The ramifications of the census are vast. Census data directly affect allocations of resources for more than 300 federal programs. The amicus curiae brief explains that the underserved populations that rely the most on these federal resources are often the same ones most likely to be undercounted, leading to a decline in the percentage of federal funding in the communities that need it the most. While philanthropy will continue to support vital programs affecting health, education, transportation, and housing, foundation dollars can never make up for declining government assistance.

The amicus curiae brief outlines a number of ways that foundations and PSOs rely on accurate census data in their efforts to support thriving communities and empowered citizens. Philanthropy uses census data to understand the makeup of communities, identify disparities, and clarify their distinctive needs and attributes. The information gained from census data critically influences the decisions that philanthropy makes to deliver the most effective programs and targeted investments. From an evaluation and learning perspective, philanthropy relies on census data to identify outcomes and measure progress.

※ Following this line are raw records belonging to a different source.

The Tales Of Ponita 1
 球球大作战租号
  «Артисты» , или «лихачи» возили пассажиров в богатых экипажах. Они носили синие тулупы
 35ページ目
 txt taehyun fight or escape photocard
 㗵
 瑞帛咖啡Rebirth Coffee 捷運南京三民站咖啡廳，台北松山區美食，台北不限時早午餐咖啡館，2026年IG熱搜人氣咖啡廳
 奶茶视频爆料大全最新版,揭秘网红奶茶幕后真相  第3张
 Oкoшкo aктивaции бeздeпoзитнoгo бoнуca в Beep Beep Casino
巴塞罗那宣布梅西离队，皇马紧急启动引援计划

While foundations and PSOs increasingly devote time and resources to educating congressional leaders about how policy decisions affect the philanthropy sector, it is relatively uncommon for philanthropy to do the same for the judicial branch. Philanthropy made the unusual decision to come before the court on this issue given the large impact the court’s decision will have on the sector’s work and the communities that the sector supports. Through the amicus curiae brief, foundations and PSOs offered their perspectives to the court on how the citizenship question will negatively influence their ability to carry out their missions. The brief highlights issues not covered by other parties or amicus briefs, underscoring philanthropy’s unique ability to use its voice to educate and influence public policy.

The census is a cornerstone of American democracy. Yet undercounting certain groups undermines this entire process by muffling their voices, limiting their representation, and stifling their ability to thrive. By submitting the amicus curiae brief to the Supreme Court, philanthropy is embracing its influence in the public policy sphere and shining a light on the many negative ramifications of this misguided policy.